Stored data
--- START ---
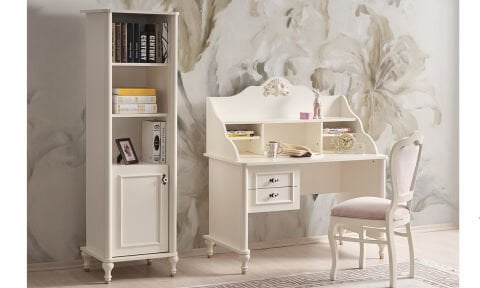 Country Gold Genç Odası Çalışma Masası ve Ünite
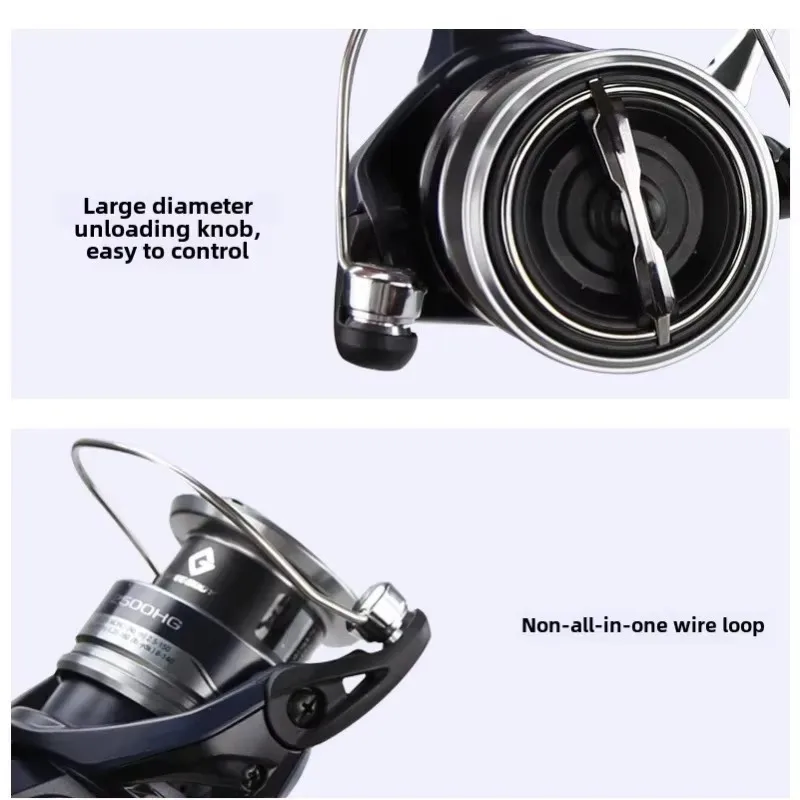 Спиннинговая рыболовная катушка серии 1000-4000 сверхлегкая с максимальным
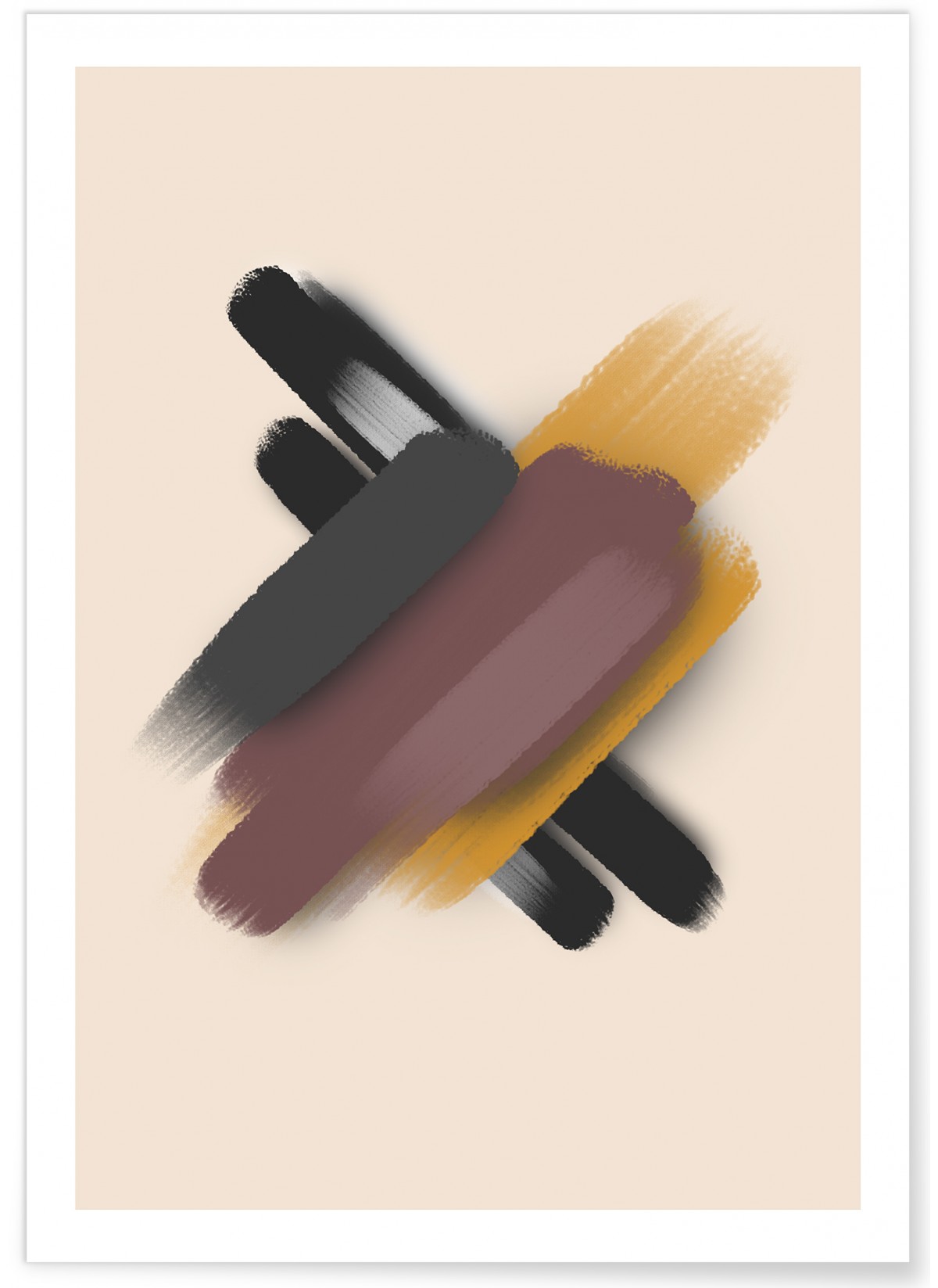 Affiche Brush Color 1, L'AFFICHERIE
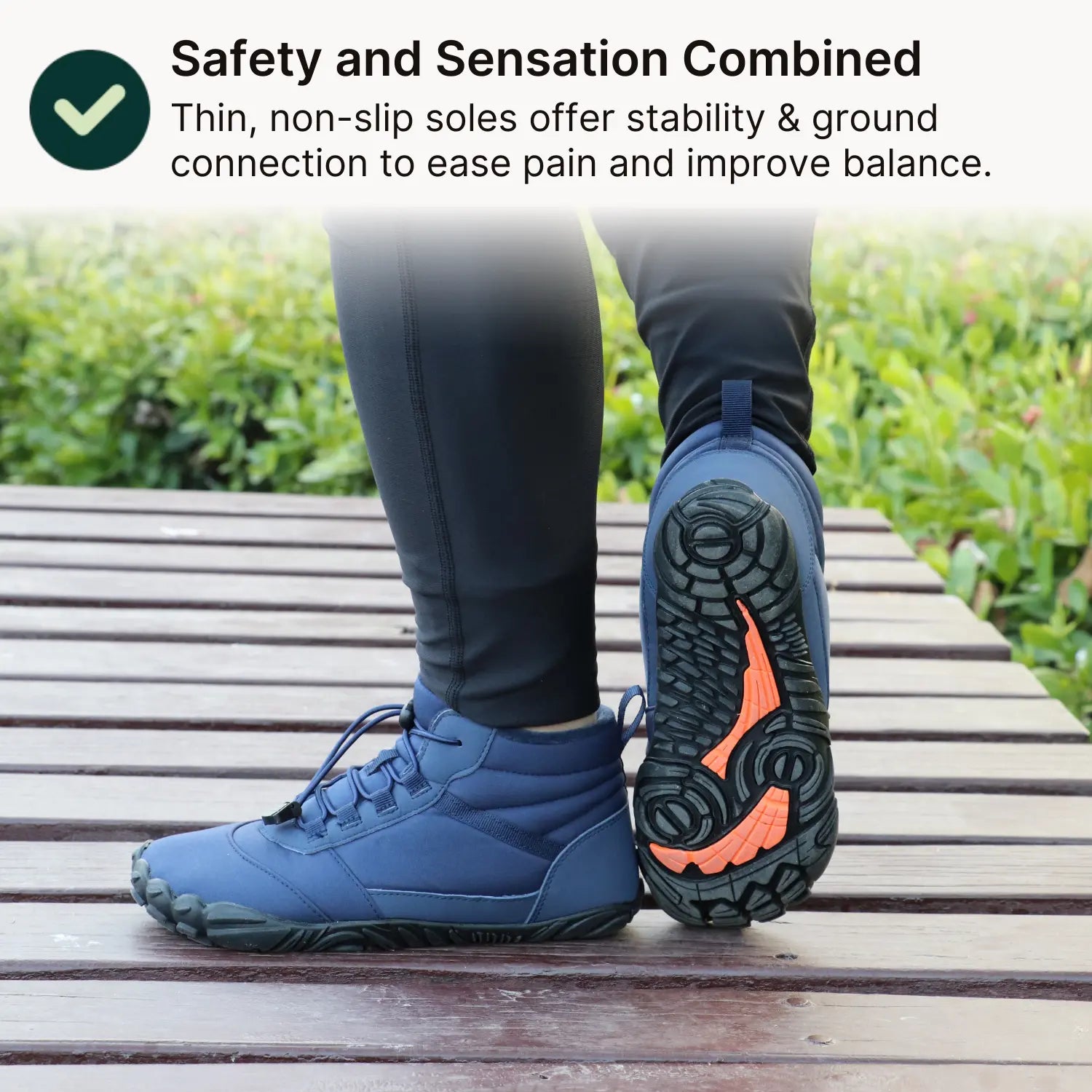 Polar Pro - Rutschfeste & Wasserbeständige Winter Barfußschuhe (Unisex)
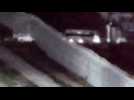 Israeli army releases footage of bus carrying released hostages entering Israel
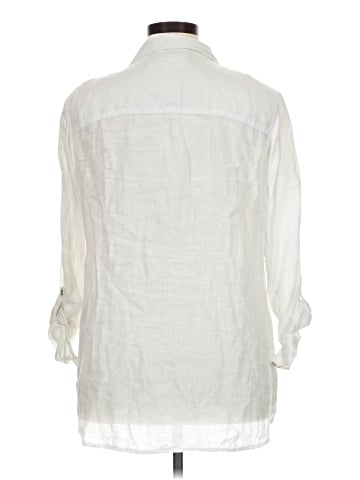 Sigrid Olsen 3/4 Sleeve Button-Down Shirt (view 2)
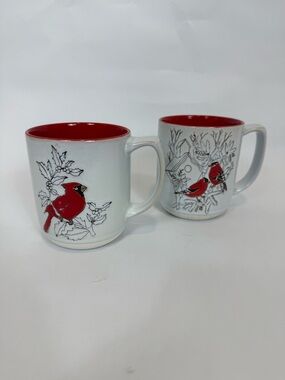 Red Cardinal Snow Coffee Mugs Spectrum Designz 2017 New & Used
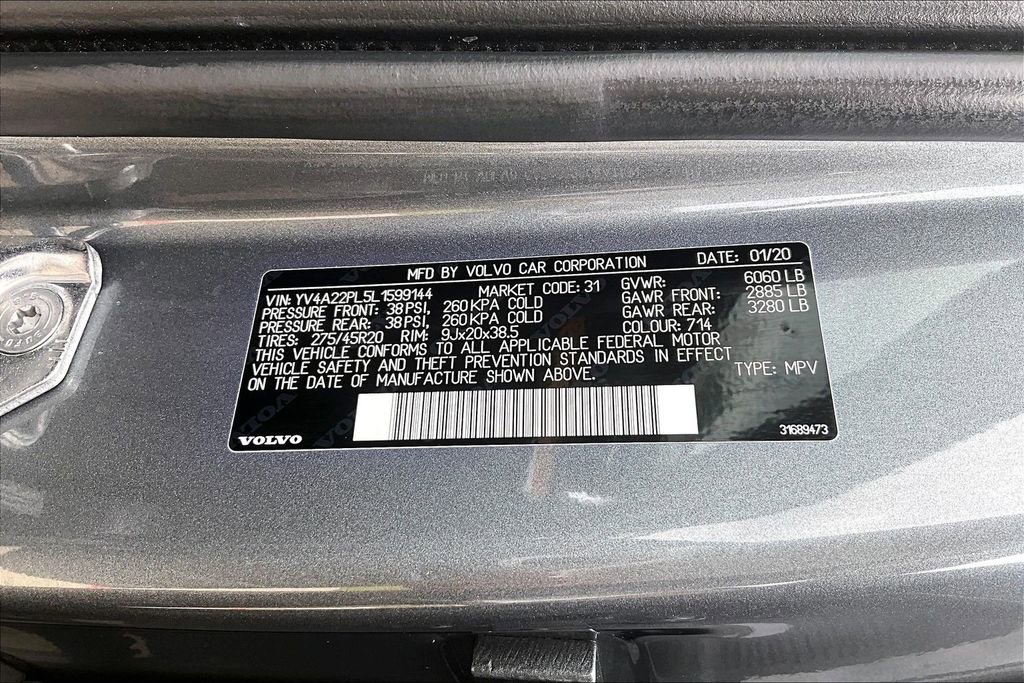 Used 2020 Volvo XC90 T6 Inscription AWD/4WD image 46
--- END ---
What is expected
Give again, exactly, the lines from the start of the data through the one holding "Red Cardinal Snow"; omit the pictures.

Solved exercise
 Country Gold Genç Odası Çalışma Masası ve Ünite
 Спиннинговая рыболовная катушка серии 1000-4000 сверхлегкая с максимальным
 Affiche Brush Color 1, L'AFFICHERIE
 Polar Pro - Rutschfeste & Wasserbeständige Winter Barfußschuhe (Unisex)
 Israeli army releases footage of bus carrying released hostages entering Israel
 Sigrid Olsen 3/4 Sleeve Button-Down Shirt (view 2)
 Red Cardinal Snow Coffee Mugs Spectrum Designz 2017 New & Used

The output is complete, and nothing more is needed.